Two U.S. senators announced Thursday that they plan to introduce a resolution to establish a select committee to investigate how the U.S. Olympic Committee and USA Gymnastics allowed team doctor Larry Nassar to sexually abuse more than 150 athletes.

"The U.S. Olympic Committee and USA Gymnastics helped create the perfect environment for a child predator," Sen. Jeanne Shaheen, D-N.H., said in a statement Thursday evening. "The criminal justice system has worked and Larry Nassar will be put away for the rest of his life, but it's clear that not all responsible parties have been held accountable. We need to hold open public hearings and investigate how this sexual abuse was allowed to happen."

Thursday's statement that announced the support of Sen. Joni Ernst, R-Iowa, comes a day after Shaheen called for the formation of a select committee. That request came hours after Nassar was sentenced to 40 to 175 years in prison for multiple counts of first-degree criminal sexual conduct in Michigan. More than 150 girls and women came forward to allege they were abused by Nassar, allegations that spanned more two decades as he served as the team doctor for USA Gymnastics and Michigan State University.
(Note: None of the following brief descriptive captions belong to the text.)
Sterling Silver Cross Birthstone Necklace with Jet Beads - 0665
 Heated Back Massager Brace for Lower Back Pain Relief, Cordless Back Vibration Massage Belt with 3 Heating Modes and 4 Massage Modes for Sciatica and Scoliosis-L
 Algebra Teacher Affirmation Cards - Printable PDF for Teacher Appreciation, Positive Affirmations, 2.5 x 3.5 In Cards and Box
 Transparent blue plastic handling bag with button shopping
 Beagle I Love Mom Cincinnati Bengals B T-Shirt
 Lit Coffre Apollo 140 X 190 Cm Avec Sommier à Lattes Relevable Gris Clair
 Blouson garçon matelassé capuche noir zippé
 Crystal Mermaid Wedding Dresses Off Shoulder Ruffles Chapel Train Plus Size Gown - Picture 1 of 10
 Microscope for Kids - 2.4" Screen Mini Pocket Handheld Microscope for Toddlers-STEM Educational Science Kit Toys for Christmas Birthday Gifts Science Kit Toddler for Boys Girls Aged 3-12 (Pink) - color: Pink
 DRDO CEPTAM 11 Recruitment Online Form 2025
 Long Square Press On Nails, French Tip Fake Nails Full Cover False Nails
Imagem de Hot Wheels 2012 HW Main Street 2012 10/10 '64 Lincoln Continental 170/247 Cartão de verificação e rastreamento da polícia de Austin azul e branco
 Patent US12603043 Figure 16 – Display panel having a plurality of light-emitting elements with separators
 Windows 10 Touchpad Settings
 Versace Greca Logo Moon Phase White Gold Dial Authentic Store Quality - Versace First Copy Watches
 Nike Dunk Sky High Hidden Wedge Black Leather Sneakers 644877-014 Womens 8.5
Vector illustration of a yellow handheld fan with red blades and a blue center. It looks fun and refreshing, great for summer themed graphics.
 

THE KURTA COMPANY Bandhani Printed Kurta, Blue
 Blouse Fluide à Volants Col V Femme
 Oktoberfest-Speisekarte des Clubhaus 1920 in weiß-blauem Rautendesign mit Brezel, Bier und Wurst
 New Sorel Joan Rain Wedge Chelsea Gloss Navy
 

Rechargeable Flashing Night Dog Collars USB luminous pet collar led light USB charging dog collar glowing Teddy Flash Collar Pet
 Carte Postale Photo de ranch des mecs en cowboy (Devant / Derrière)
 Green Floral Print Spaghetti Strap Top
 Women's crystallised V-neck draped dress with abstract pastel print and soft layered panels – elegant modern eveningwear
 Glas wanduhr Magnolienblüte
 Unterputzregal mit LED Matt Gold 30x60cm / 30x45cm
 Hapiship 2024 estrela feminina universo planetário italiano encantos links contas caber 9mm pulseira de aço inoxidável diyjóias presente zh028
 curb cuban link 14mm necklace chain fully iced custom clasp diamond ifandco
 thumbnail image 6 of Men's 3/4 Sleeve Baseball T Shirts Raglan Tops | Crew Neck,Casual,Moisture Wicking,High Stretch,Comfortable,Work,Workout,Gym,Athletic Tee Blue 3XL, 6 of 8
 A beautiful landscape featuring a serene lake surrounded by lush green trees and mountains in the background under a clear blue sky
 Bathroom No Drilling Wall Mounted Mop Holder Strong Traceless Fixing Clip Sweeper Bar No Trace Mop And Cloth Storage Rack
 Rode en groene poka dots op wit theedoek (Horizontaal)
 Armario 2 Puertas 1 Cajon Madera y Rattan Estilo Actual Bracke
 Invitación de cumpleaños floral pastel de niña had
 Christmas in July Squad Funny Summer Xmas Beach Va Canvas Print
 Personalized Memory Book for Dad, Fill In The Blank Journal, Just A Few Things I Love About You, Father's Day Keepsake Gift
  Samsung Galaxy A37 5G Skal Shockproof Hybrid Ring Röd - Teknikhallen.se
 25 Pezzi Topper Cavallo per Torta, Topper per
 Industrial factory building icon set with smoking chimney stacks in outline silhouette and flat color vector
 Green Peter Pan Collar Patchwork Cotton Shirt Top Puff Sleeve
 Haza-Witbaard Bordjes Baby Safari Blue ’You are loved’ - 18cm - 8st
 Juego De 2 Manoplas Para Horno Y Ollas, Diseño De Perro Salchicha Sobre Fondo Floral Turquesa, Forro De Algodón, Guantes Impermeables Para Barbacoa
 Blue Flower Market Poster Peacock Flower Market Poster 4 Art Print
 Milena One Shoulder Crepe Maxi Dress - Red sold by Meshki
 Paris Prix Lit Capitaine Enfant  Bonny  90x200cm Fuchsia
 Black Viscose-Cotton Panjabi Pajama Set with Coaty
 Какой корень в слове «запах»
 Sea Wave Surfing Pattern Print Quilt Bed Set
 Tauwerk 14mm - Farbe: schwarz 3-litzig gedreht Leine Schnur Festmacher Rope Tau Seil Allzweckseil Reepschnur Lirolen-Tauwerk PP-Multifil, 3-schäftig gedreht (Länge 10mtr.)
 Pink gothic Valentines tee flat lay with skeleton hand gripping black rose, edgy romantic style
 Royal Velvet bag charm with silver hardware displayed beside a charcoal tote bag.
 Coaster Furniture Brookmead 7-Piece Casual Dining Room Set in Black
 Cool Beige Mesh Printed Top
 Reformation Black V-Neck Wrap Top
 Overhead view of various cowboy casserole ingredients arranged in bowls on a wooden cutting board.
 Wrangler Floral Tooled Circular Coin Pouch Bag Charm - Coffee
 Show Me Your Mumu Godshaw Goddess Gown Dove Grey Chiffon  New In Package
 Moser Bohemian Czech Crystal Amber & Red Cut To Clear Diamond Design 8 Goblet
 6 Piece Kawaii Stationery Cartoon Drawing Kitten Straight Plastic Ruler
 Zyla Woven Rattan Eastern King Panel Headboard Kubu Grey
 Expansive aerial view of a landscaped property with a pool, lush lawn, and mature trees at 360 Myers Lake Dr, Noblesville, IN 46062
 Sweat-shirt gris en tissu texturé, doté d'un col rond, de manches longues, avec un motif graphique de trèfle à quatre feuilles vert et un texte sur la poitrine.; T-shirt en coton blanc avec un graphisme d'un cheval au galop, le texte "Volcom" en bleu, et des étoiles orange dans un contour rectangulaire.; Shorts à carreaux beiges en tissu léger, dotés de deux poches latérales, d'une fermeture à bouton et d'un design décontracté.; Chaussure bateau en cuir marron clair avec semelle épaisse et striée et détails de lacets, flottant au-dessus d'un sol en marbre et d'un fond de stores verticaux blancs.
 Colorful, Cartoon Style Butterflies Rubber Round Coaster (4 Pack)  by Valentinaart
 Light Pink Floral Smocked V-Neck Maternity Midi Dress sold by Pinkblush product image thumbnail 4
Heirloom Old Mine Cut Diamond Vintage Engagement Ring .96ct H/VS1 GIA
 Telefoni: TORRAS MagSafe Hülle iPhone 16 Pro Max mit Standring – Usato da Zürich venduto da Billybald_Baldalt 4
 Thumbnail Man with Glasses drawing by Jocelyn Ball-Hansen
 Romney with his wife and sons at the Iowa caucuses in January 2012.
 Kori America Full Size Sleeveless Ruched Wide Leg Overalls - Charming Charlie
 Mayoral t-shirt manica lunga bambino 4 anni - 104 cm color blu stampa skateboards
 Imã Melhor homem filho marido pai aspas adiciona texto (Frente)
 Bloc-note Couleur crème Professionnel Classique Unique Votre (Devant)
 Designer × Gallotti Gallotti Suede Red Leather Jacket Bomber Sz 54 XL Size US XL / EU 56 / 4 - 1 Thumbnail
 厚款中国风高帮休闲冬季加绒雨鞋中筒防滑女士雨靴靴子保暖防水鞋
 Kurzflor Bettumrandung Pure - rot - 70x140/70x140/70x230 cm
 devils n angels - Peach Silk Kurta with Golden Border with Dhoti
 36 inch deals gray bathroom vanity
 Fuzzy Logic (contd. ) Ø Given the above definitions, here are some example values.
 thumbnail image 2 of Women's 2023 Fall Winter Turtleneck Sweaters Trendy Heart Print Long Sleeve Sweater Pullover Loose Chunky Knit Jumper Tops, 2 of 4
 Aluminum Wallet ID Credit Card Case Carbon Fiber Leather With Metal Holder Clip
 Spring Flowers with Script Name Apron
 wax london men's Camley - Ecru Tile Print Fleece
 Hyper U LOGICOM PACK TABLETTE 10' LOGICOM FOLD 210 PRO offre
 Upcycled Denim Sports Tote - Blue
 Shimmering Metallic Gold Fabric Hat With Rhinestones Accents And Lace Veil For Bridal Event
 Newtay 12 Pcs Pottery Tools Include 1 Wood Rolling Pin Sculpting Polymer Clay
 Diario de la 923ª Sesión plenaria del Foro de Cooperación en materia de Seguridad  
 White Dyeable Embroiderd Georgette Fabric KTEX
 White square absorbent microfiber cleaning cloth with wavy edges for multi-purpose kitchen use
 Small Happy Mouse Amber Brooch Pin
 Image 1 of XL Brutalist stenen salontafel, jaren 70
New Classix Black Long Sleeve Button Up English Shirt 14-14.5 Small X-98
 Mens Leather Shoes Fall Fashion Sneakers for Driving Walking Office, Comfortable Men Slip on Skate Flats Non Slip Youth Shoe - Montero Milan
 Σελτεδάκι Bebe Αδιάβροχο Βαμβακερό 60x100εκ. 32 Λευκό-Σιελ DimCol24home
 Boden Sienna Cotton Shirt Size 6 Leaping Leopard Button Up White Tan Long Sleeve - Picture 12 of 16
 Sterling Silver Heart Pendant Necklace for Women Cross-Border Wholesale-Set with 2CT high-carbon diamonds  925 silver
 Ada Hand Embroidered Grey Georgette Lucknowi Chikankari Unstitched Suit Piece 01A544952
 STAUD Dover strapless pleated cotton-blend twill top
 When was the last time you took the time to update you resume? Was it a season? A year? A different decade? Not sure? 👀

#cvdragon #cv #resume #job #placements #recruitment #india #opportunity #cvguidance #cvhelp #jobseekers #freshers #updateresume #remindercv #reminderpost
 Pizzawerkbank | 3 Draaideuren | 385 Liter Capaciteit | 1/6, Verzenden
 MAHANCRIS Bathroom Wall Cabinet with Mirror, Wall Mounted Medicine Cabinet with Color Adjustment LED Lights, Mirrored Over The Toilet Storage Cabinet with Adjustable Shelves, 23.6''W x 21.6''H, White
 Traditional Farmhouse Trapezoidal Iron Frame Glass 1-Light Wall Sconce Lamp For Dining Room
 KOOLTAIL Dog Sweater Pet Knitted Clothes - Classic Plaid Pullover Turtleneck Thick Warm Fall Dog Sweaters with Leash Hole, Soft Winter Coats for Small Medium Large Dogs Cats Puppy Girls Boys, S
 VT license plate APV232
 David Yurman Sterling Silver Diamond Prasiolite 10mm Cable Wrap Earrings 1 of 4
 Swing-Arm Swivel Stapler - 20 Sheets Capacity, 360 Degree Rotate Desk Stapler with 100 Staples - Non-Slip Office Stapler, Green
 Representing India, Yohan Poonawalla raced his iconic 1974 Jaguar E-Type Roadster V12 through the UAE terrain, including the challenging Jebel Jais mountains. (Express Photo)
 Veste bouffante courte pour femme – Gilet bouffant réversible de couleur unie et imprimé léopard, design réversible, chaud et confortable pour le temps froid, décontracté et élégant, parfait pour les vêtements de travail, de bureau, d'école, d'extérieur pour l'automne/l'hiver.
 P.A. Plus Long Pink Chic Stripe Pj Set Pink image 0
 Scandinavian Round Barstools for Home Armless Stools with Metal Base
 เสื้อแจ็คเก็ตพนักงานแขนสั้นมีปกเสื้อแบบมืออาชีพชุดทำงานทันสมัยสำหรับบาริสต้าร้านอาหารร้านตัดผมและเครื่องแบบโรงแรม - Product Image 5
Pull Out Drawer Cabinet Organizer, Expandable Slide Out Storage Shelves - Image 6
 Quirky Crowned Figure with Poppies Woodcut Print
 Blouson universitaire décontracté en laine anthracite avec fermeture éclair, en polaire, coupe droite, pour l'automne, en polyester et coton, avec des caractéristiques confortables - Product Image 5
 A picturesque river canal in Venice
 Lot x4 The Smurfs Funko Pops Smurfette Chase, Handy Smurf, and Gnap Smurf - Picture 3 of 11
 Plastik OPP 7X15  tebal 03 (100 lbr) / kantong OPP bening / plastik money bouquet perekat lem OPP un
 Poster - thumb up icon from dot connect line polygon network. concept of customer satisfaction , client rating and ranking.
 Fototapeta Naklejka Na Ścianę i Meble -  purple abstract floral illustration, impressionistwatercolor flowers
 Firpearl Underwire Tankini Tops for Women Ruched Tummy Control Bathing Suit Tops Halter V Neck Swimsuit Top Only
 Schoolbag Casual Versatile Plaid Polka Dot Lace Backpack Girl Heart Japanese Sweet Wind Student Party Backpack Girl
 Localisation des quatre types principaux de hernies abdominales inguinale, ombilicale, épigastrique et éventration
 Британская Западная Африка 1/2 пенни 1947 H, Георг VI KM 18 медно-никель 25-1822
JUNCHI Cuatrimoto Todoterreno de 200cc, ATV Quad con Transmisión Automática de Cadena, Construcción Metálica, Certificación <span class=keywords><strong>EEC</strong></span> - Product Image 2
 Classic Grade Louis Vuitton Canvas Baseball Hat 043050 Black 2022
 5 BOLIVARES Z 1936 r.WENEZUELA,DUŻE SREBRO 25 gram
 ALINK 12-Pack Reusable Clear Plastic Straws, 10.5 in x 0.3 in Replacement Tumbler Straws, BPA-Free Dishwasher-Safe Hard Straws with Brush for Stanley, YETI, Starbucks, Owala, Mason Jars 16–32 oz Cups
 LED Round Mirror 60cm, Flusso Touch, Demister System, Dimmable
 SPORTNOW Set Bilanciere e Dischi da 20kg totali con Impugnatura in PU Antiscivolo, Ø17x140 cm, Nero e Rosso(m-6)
"Larry Nassar's reprehensible crimes are on full display, and while some justice has finally been served, there are a great deal of questions that still remain," Ernst said in the statement. "This reality is, from what we know, this happened to over a hundred athletes over several decades, on the U.S. Olympic Committee and USA Gymnastics' watch. A Select Committee dedicating its complete attention to USOC's and USA Gymnastics' role in this tragedy is imperative to holding the appropriate parties accountable and working to ensure this doesn't happen again."

As she did in Wednesday's letter to Senate Majority Leader Mitch McConnell and Minority Leader Charles Schumer, Shaheen said a select committee comprised of men and women is needed because "no current standing committees have parity."

Shaheen requested the formation of the select committee be expedited so it could be empaneled before the start of the Winter Olympics on Feb. 9.

In other developments:

USA Gymnastics' status as the sport's national governing body will be terminated unless it meets six conditions set out by the USOC, including the resignation of the entire board by Wednesday.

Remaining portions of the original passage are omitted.